Second executive of Casey’s Seafood in Newport News, Va., faces five years in jail and a fine for his role in falsely representing foreign crabmeat as U.S. product.

    The U.S. Justice Department said a Virginia seafood processor executive pleaded guilty in a Newport News, Va. federal court on Thursday to participating in a multimillion dollar scheme of mislabeling foreign crabmeat as a U.S. product.
   Michael Casey was the vice president for marketing and operations of Casey’s Seafood Inc., a wholesale processor of crabmeat and other seafood. He pleaded guilty to conspiring with his father, James Casey, and others to substitute foreign crabmeat for Atlantic blue crab. 
   James Casey, the owner and president of Casey’s Seafood, pleaded guilty last year and was sentenced in January to four years in jail.

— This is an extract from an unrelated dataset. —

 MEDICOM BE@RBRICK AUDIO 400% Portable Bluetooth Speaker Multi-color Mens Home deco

   Instead of Atlantic blue crab, as labeled, the Caseys used crabmeat from Indonesia, China, Thailand, Vietnam and Central and South America. “Casey falsely labeled nearly 400,000 pounds of crabmeat with a retail value in the millions of dollars,” U.S. Attorney for the Eastern District of Virginia G. Zachary Terwilliger said in a statement.
   The Justice Department estimated that the Caseys falsely labeled more than 183 tons of crabmeat as Product of USA for retail in grocery stores. The wholesale value of the illicitly labeled crabmeat was estimated at $4.3 million. The scheme began in early 2010 and lasted through mid-June 2015.

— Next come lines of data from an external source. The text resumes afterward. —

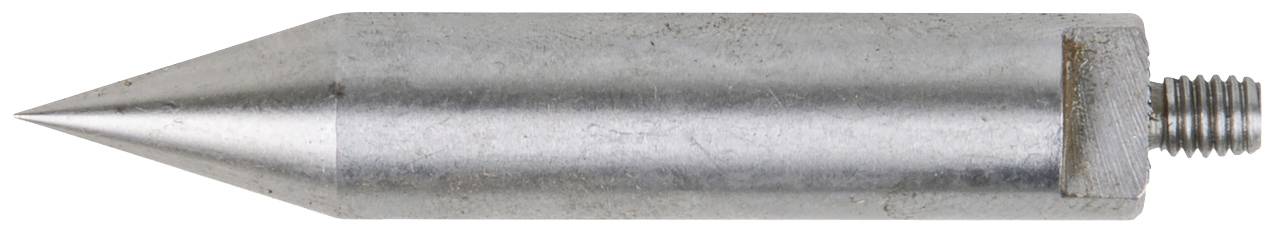 Metallspitze mit Gewinde, zylindrische Form.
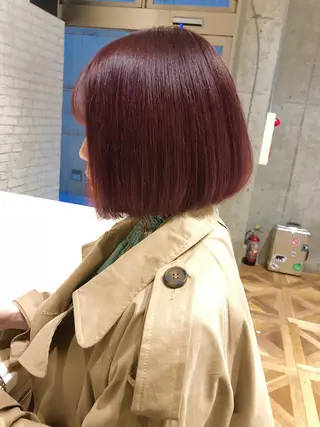 ショート カラー パーマ ヘアアレンジ 銀座/ハイトーン/ hayaka 🖤のヘアスタイル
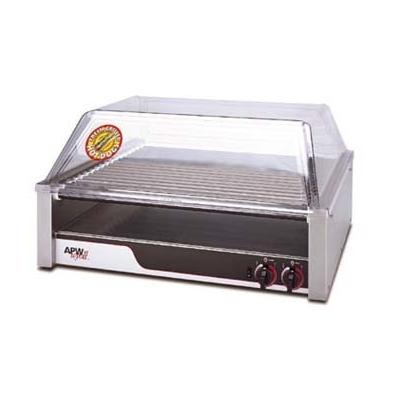 APW Wyott XPERT Series 35" W Hot Dog Roller Grill With Flat Top (HR-50) - Stainless Steel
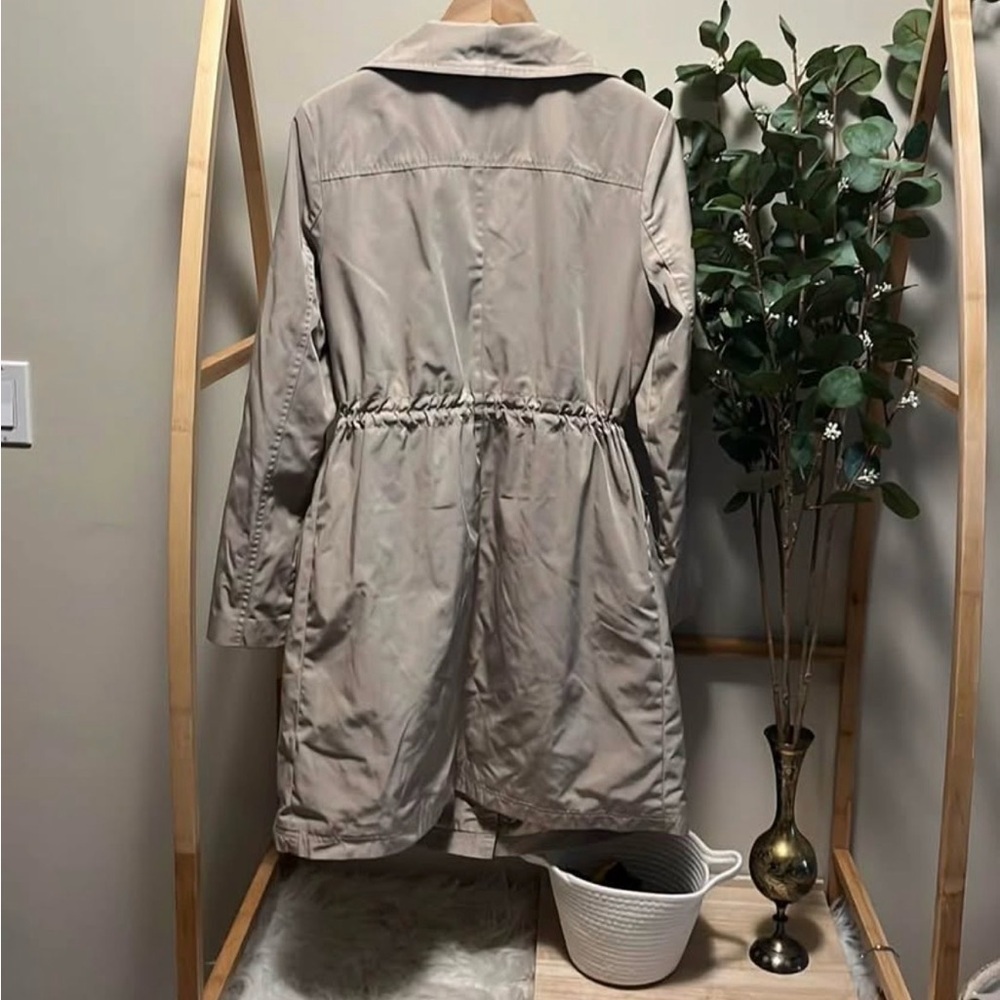 Guess Beige Women's Trench Coat with Shawl Collar - Picture 6 of 6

   Michael Casey is scheduled to be sentenced on Nov. 14 and faces up to five years in jail, as well as a fine of up to “half the gross gain of the offence,” the Justice Department said.
   The Commerce Department’s National Oceanic and Atmospheric Administration Office of Law Enforcement continues to investigate false crabmeat labeling in conjunction with the Food and Drug Administration, Homeland Security Department’s Office of Investigations and local authorities in Virginia.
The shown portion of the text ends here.